Montessori Videos from New Zealand

Watch videos from Montessori early childhood centres and schools in New Zealand.

Young Children Preparing Community Lunch

Children aged two and a half to nearly six years prepare lunch for their Montessori community in New Zealand. Slicing fruit, grating cheese, making sandwiches, setting the table and cleaning up happens as part of the daily routine. The menu changes daily and includes pizza, rice and vegetables, fish pie and sandwiches over the week.

You will see children organising the classroom with very little intervention from the teachers and many examples of young children helping each other and collaborating to do tasks for the whole community.

Perseverance with a new skill

A two-and-half year old girl shows us what perseverance looks like as she learns a new skill – using a pair of tweezers. She is the youngest child in her Montessori class in New Zealand.

Learning about the number four

See how an almost six-year-old boy, in a Montessori class in New Zealand, learns about the number 4, counting in multiples of four, finding the squares of four and ultimately discovering the answer to 4x4x4 or four cubed.

Adding Numbers in the Thousands

A five year-old-girl completes an addition problem using the Stamp Game, a Montessori math material used to do all four math operations – addition, subtraction, multiplication and division. The stamps are green (one or 1000), blue (tens) or red (hundreds).

Montessori materials become increasingly abstract as the child becomes familiar with the concept. The stamp game is preceded by the Golden Bead material, where the ones (or units) are small beads, and the thousands are large cubes. This gives a strong sensorial impression of the difference between units and thousands. In the Stamp Game, the units and thousands are the same sizes, but the child knows thousands are bigger than units from exploring with the Golden Bead materials.

The stamp game is used by children from around 4-5 years and may be seen in both 3-6 and 6-9 classrooms. Adults love this math material because they finally understand ‘carrying’, ‘borrowing’ and ‘remainders’.

Skills for Living

Two young girls use the Montessori dressing frames. The dressing frames are used to figure out how to manage the variety of fastenings found in clothing — from buttons to buckles, to laces, snaps, bows and zips.

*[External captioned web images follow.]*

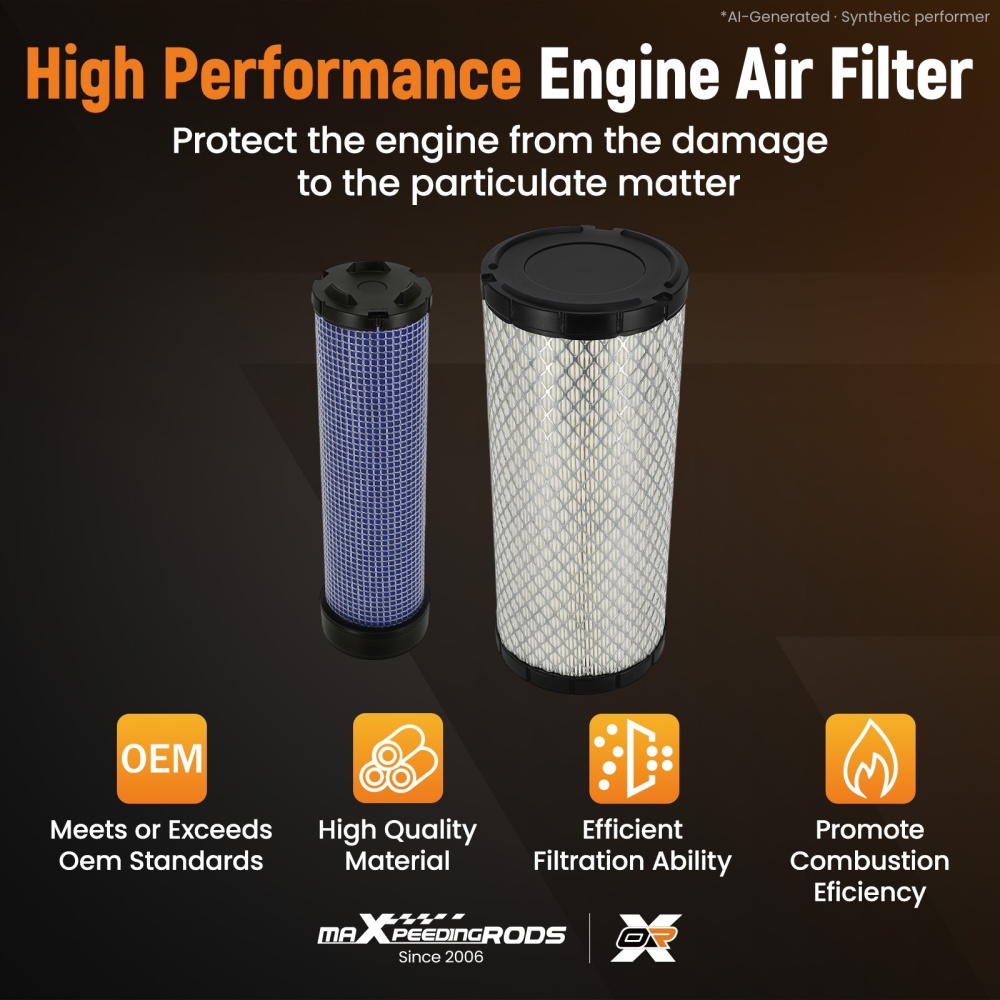 2PCS Air Filter Set compatible for Bobcat Excavator 337 341 430 430D 430GKubota M5400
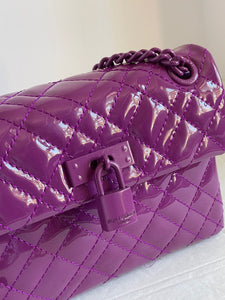 Kurt Geiger Mini Brixton Crossbody Womens Purple Drench Leather Lock Patent Bag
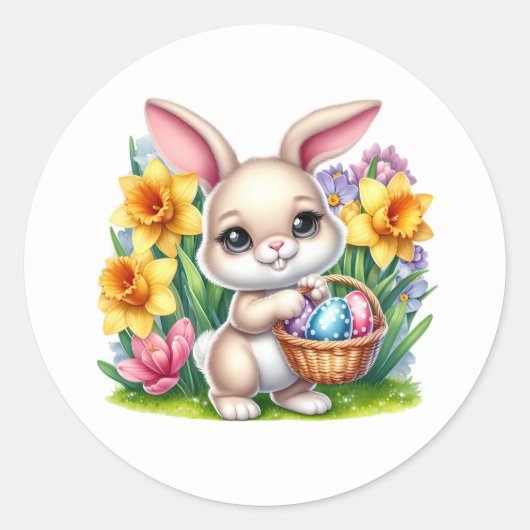 Easter Bunny Stickers ラウンドシール (正面)
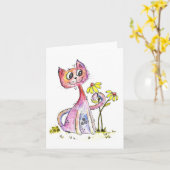 Cute Whimsical Pink Cat met Yellow Flowers Kaart (Gele Bloem)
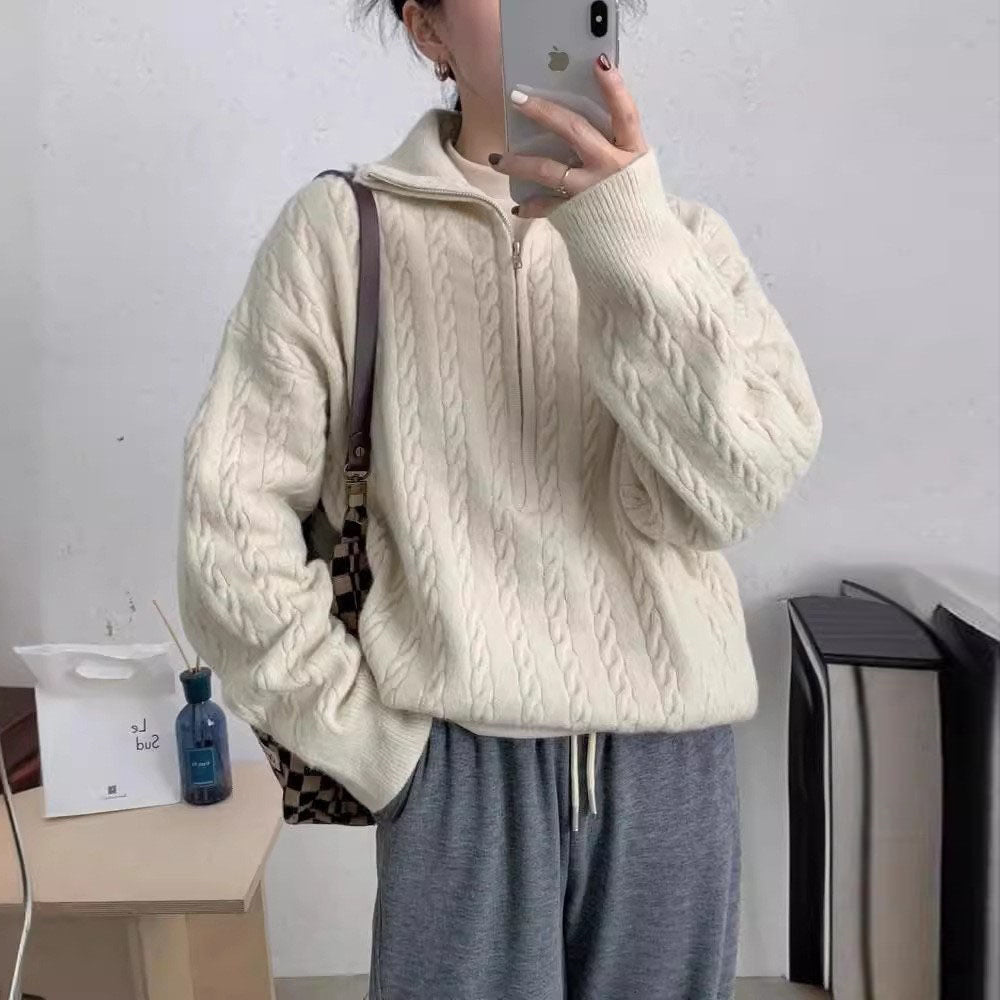 VLOVELAW Korean version New autumn and winter soft waxy knitted top women's retro twist half zipper lazy versatile short sweater jacket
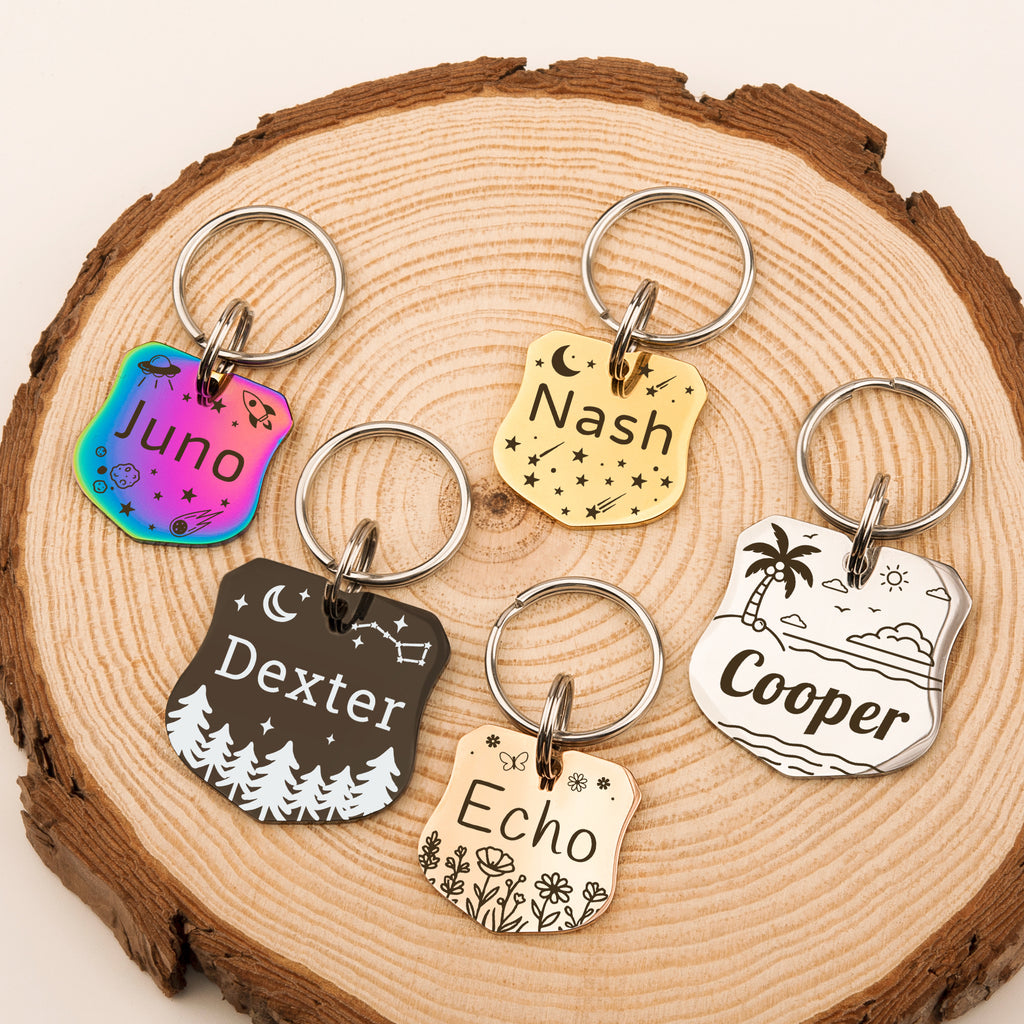 Personalized Shield Stainless Steel Pet ID Tag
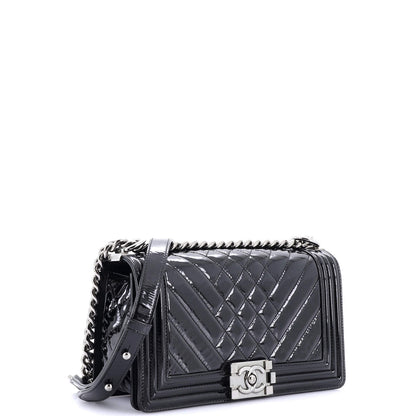 Chanel Boy Flap Bag Chevron Patent Old Medium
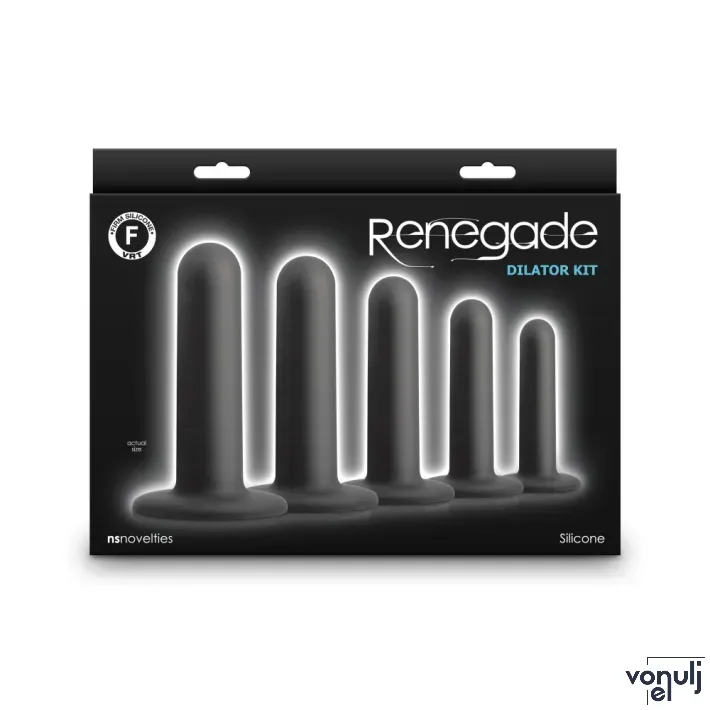 RENEGADE anál plug szett Dilator Kit Black - fekete színben, 5 eltérő méretű anál plug, letapasztható, vízálló, szilikon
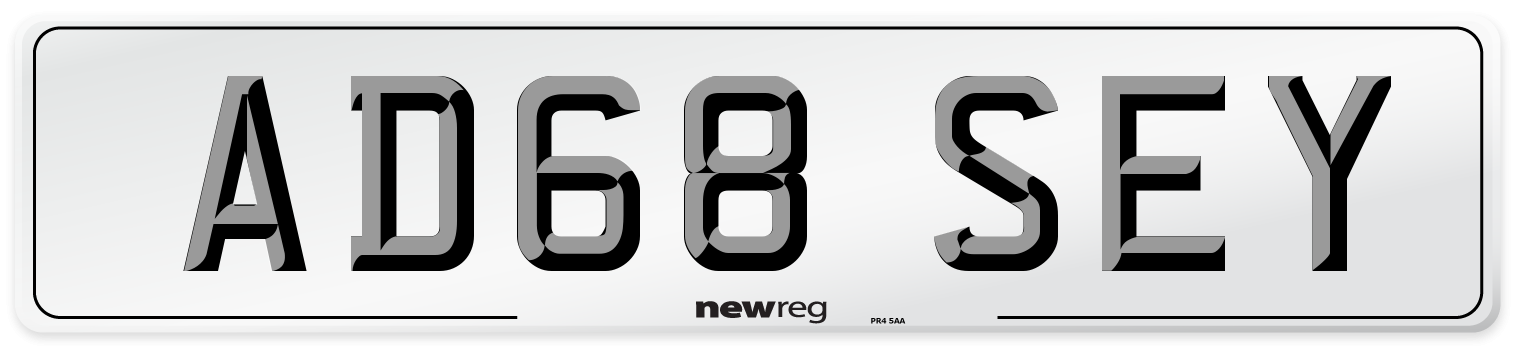 AD68 SEY Number Plate from New Reg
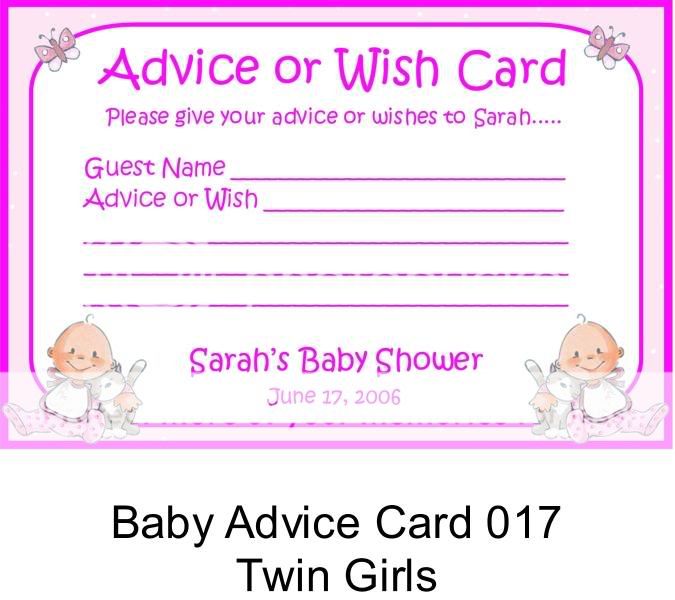 BABY SHOWER Advice Wish Cards TWINS Boy or Girl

The dressing frames are an example of how Montessori appeals to the young child’s need to repeat and repeat and repeat an activity — the child can do and undo the frame as many times as they want. As with many other materials in a Montessori 3-6 year classroom, the child develops hand-eye coordination, the ability to concentrate and the skills of independence.

Successfully finishing the bow frame is a big moment in the life of a Montessori child! The dressing frames are used by children three to five years old, starting with the large button frame and moving along to bow tying and lacing.